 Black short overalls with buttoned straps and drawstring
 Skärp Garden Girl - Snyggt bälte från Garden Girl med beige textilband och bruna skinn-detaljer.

*-*-*

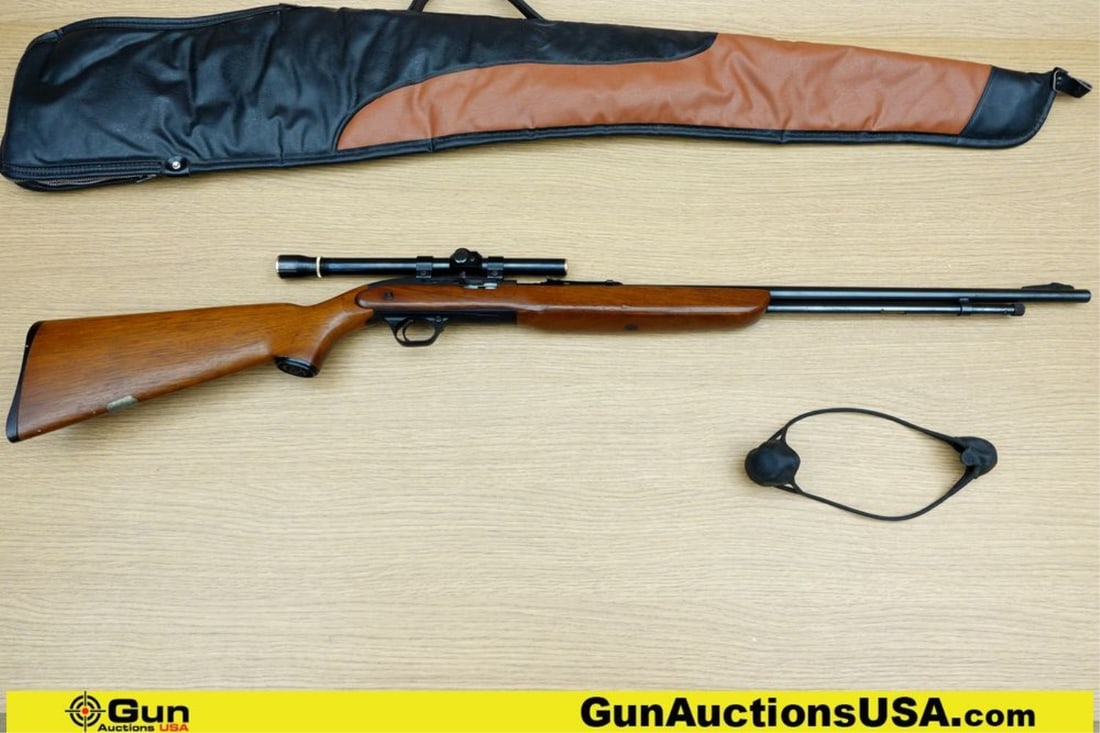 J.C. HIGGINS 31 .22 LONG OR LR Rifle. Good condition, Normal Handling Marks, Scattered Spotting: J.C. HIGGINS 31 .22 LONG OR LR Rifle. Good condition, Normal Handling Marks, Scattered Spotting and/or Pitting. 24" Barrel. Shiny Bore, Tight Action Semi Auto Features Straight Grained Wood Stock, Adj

*-*-*

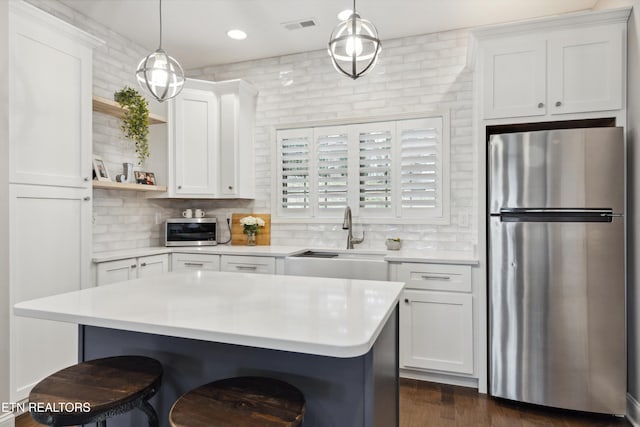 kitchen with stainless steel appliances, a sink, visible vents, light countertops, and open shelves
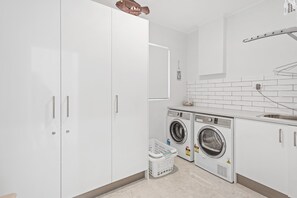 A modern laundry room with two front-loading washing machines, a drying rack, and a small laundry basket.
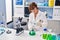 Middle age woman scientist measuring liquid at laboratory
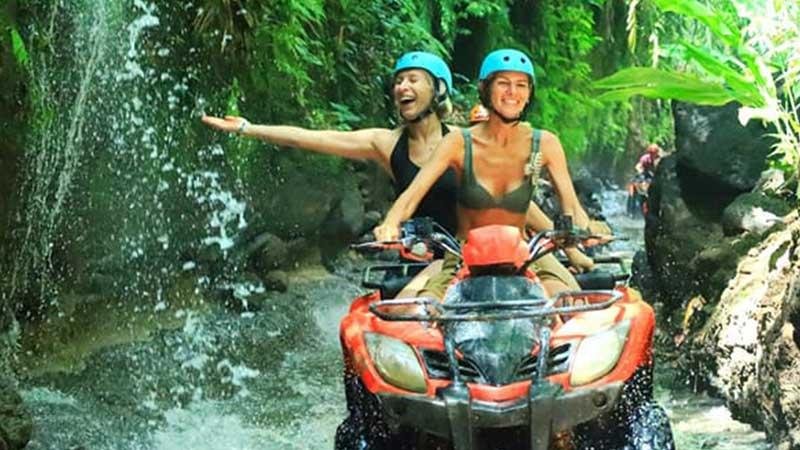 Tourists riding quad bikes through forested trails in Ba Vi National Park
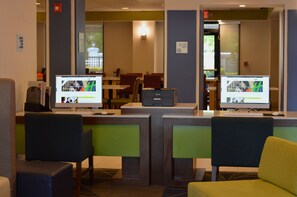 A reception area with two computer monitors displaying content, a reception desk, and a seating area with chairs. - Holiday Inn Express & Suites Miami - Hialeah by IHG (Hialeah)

*-*-*

Using the data above, set down each line from the line with "A modern laundry" to the line with "A reception area" exactly, both ends included, and leave the pictures behind. Nothing else belongs.

 A modern laundry room with two front-loading washing machines, a drying rack, and a small laundry basket.
 Middle age woman scientist measuring liquid at laboratory
 Tourists riding quad bikes through forested trails in Ba Vi National Park
 A reception area with two computer monitors displaying content, a reception desk, and a seating area with chairs. - Holiday Inn Express & Suites Miami - Hialeah by IHG (Hialeah)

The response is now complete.